Quarter-on-quarter GDP plunged 10.1pct, the worst decline since Germany began reporting quarterly growth results in 1970, according to preliminary data from Germany’s Federal Statistics Office. The contraction was worse than both the market forecast of a 9.0pct decrease and the 2.2pct drop in the first quarter.


The second-quarter contraction means that Germany remained in recession; the country’s quarterly growth rate has been negative since the final three months of 2019.


The annual non-calendar adjusted growth rate of -11.7pct in the second quarter was also a record drop.

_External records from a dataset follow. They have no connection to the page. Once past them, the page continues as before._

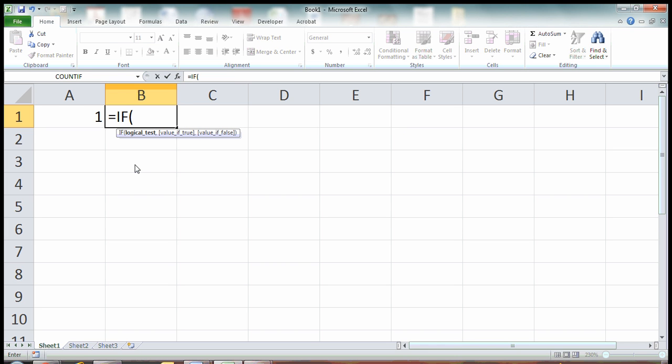There you go. If logical test. So this is where we're going to put in our condition. If something is true, like we said in our definition.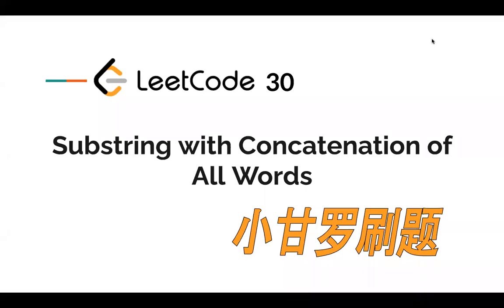Hi everyone. That's LeetCode 30, substring with concatenation of all words. It's a hard problem, but there are a lot of thumbs down, actually, since it's not easy to code elegantly.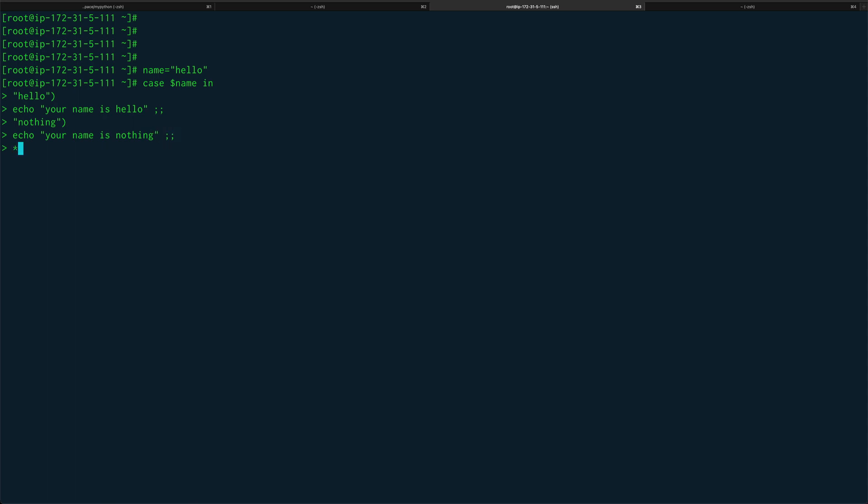For any other thing we denote with an asterisk. Just echo invalid user. We know the output of this program would be the first one because we set name to hello, but suppose you're taking input from a user, that name would be different every time, so making that comparison would make a lot more sense.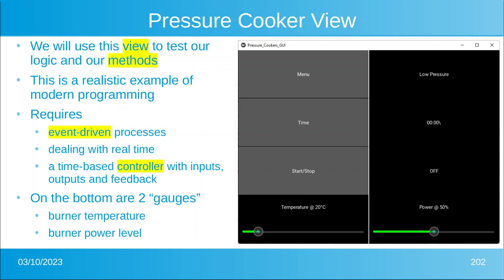This is a realistic example of modern programming. It requires event-driven processes — nothing's going to happen until you click on something. You also have to deal with real time: that little slash is going to dance back and forth as the seconds tick away, because that's exactly what the real pressure cooker would do. And you have a time-based control system with inputs, outputs, and feedback. Those two sliders at the bottom are actually two gauges representing the temperature and the power level.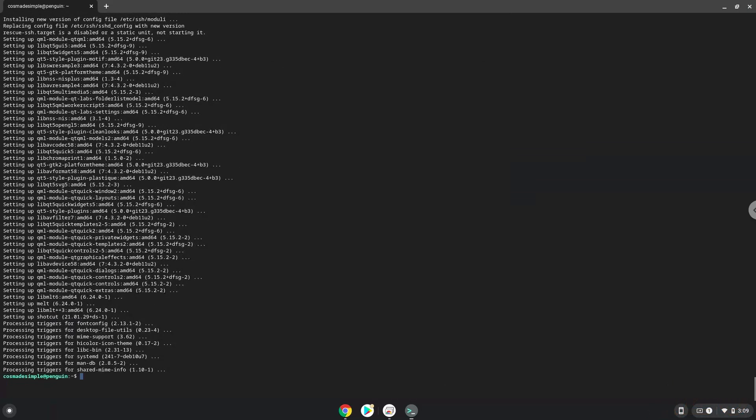LibreOffice is now installed, however, we will now revert our system sources back to how it was.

Analysts had expected -10.9pct following the -1.9pct reading in the first three months of this year.


“A massive slump was recorded for exports and imports of goods and services as well as for household final consumption expenditure and capital formation in machinery and equipment,” the statistics office said.


Following Thursday’s announcement, Oxford Economics Chief German Economist Oliver Rakau said, “Europe is going through its worst recession in living memory.”


But the Eurozone’s biggest economy will fare far better than other partners bound together with the single currency, he noted. “Combined with more timely data that shows a strong bounce-back in economic activity in Germany as lockdowns were lifted, this supports our view that the German economy will easily outperform the rest of the eurozone this year.”


The first report on second-quarter Eurozone growth is due Friday at 09.00 GMT.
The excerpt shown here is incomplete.